As a warm breeze swept through her apartment on the NSW North Coast, Angela Powditch smiled as her daughter continued sounding out the words from her school library book ‘Amazing Australian Women’.
The two snuggled on the couch enjoying an evening of rest and connection, following a day of school, work, rushing to sports and dance classes, serving dinner and making sure lunches are packed, ready to do it all again the next day.
With the sound of the ocean close by, and muffled laughs from the neighbours’ barbeque heralding the summer season, Angela turned the page to delve into the story of aviation pioneer Lores Bonney. A few days earlier, it had been Angela’s birthday. Her eight-year-old daughter, Amelia, had spent the day before searching the school library for the perfect present to borrow for her mum.
“The fact that my daughter wanted to find the perfect book that she knew I would love made me smile knowing how positive her future will be with such a thoughtful approach. The book was about famous Australian women who accomplished amazing things, from women’s rights advocate Mary Lee to Indigenous activist Tarenore, Mary Reibey and other amazing women and we loved reading it together. My daughter Amelia was named after American aviation pioneer and author Amelia Earhart and she definitely has that same tenacious, adventurous spirit.”
When Angela reflects on the past six years, she almost doesn’t recognise the woman who, just a short time ago, was staring down an uncertain future. After building a career as a successful marketing manager and a family life with two children, the thought of embarking on a new career and having to start over as a single parent when her marriage broke down was not in the original draft of her ‘life plan’.
Angela has since graduated with a Bachelor of Laws (Honours) from Southern Cross University at the Gold Coast campus. During her degree, she addressed the UN on the Rights of Women and she is now an expert in-country contributor to the World Banks’ Women, Business and the Law Report, using findings from her University thesis on economic abuse.
Angela works predominantly in the area of family law at Jensens Solicitors in Lennox Head, helping other families facing the circumstances she was all too familiar with five years ago.
“The day I knew my marriage was ending, it very quickly went from being a comfortable life for my children and I to a newfound vulnerability. I was thrust into the legal system without a roadmap and was dealing with really tough relational circumstances. Even though I never anticipated going through anything like it, I possibly would never have become a lawyer and been able to help other people fight for themselves and their children’s rights had I not been exposed to the system.
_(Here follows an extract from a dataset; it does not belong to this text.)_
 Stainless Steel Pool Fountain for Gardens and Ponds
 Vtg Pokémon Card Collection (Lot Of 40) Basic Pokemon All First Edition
“I’d previously worked in marketing in Sydney, London and on the Gold Coast, then studied a Master of International Health Management because I wanted to ‘give back’, but I only truly found my calling when I decided to study law.”
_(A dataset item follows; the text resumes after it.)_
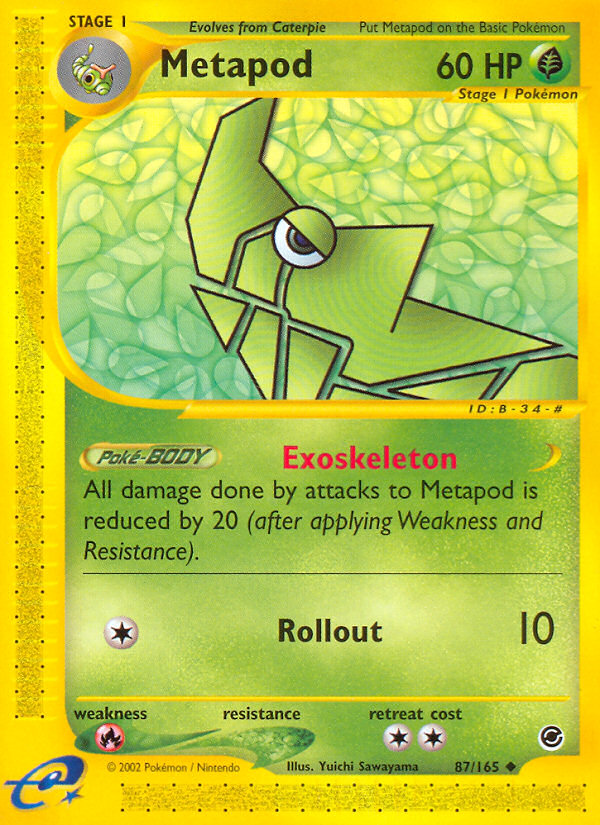 Metapod (87/165) [Expedition: Base Set] | RetroPlay Games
Angela secured a full-time role with a Ballina law firm after graduation and continued her advocacy work. She spoke at events including the Universities Australia national conference and was interviewed for an award-winning international documentary on women released in 2020 and screened at the UN.
“In July this year, in the midst of all the restrictions, I received a call from a lawyer, Kirsten Miller, who had been following my story. She offered me a job at her firm in Lennox Head doing family law, which is the area of law I had always had the goal of practising in, so I wholeheartedly said yes and took the job. I am really loving the family law side and am now into my first lot of case hearings. I’ve been really honoured to receive feedback from clients who are just so grateful to have someone working for them who has personal experience of what it’s like. Not only that, but my office is walking distance from home which is equally as important to me – being there for my kids and having that positive impact at home and in the beautiful community we live in. I’m also continuing advocacy work and studying again to further specialise in family law.”
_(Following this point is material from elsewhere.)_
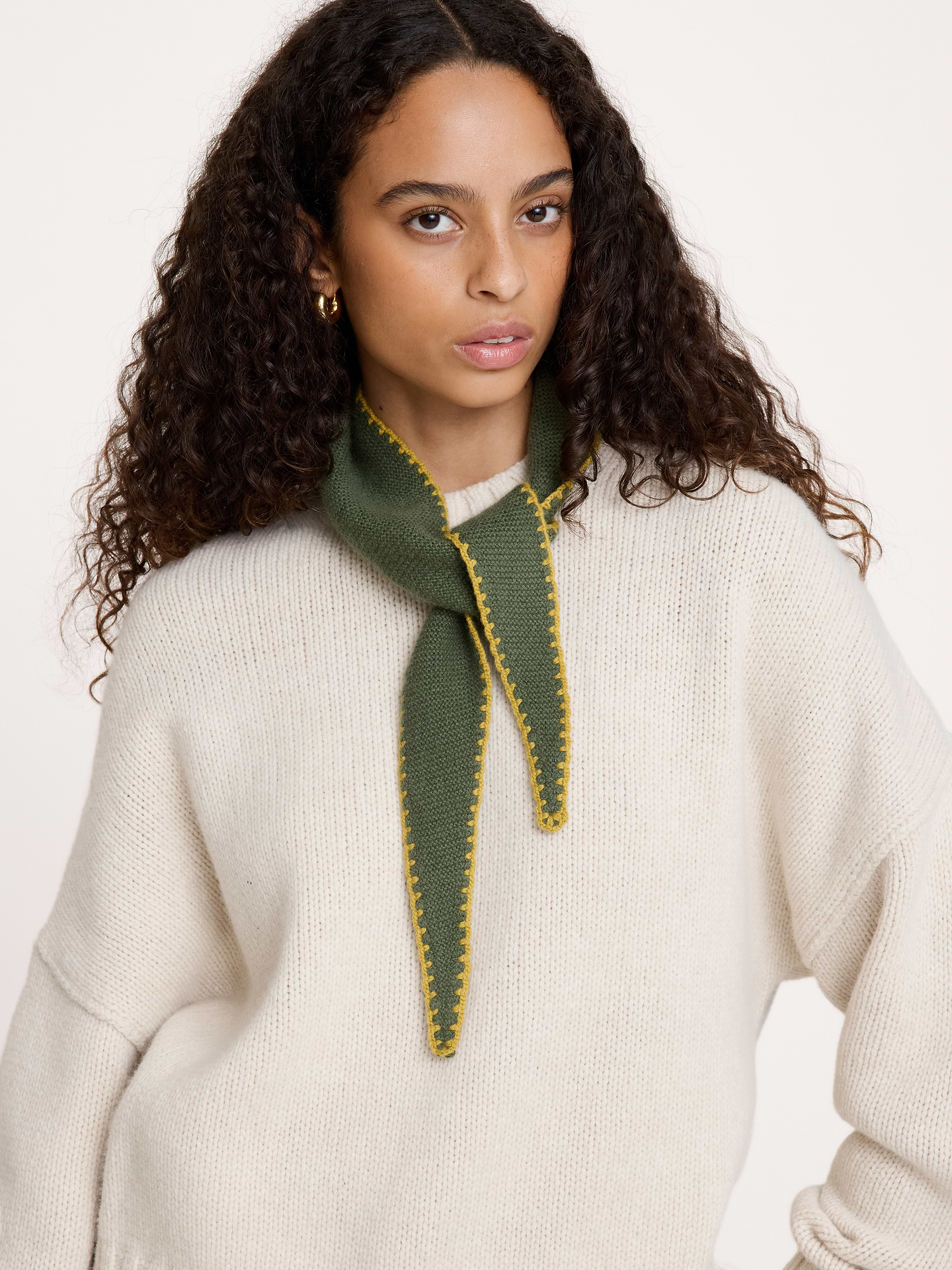 Image number 3 showing, Stitch Thin Neck Scarf By Vismaya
While studying at Southern Cross University, Ms Powditch represented women on the world stage as a delegate with the National Rural Women’s Coalition and UN Women Australia at the United Nations (CSW62 & CSW63). She was one of 70 students from around the world invited to attend the prestigious Oxford/George Washington University International Human Rights Law Summer School, was selected for a competitive Telstra mentorship program and served as part of the Law Student Society.
Angela is now an Adjunct Fellow at Southern Cross University, joining the ranks of a prestigious group of lawyers and academics who deliver talks, public lectures and mentorship opportunities for SCU law students.
“It’s such an honour to give back to the students. I have to remember to keep my calm about being an adjunct alongside people such as the Hon Michael Kirby AC CMG. It’s a buzz receiving the emails and being involved in the exciting things happening at the University and in the sector. One of the people who mentored me during my studies at Southern Cross has also recently recommended me to join a panel for The Pennsylvania State University, which is focussing on legislation around domestic violence and coercive control.
“I’ve been closely following the Australian legislation in this space and will speak to that as part of the panel for Penn State this month with other lawyers and academics from around the world. I really admire the ongoing work of Hayley Foster, CEO of Women’s Safety NSW, who also studied her Bachelor of Laws at Southern Cross University while working in the field. We did our Honours study together and she is an incredibly smart, well-spoken and passionate person. I watch closely the work distributed by the Australian Women Against Violence Alliance, in regards to laws around coercive control here in Australia.”
Angela says sometimes it takes an unforeseeable situation in life to work out your inner strength and identify your true purpose.
“My painful experience with the breakdown of my marriage and interacting with the family law system made me realise I had to practise law. Not only have I secured a rewarding career that provides financial security for my children, but more than that I get to assist others navigating the family law system. I would encourage others out there with difficult personal circumstances to keep going. Sometimes when things seem bleakest, life can take a dramatic change for the better.”
Angela has built a life she adores with her newfound love. This year, she and her partner, Luke Watson, have juggled the varied responsibilities of home-schooling their four children in lockdown with working full time to now working out a schedule that includes dance classes, sports events and meal prep. She wouldn’t change a thing.
“I feel like we live in paradise and we are living the dream by helping others through our work and raising our blended families only a short walk from the water, from work and from school – I honestly feel grateful every day.”
Angela says her biggest achievement is seeing her children grow and develop their own passions and thoughtfulness.
“My daughter is very thoughtful and caring and I was so honoured when she borrowed such a beautiful book for my birthday – about strong women we both look up to and admire. When I wasn’t sure whether I could take on studying again it was my son who told me ‘you can do it Mumma’ and the support from Southern Cross has also been phenomenal. I truly wouldn’t have been able to achieve what I have without their support.”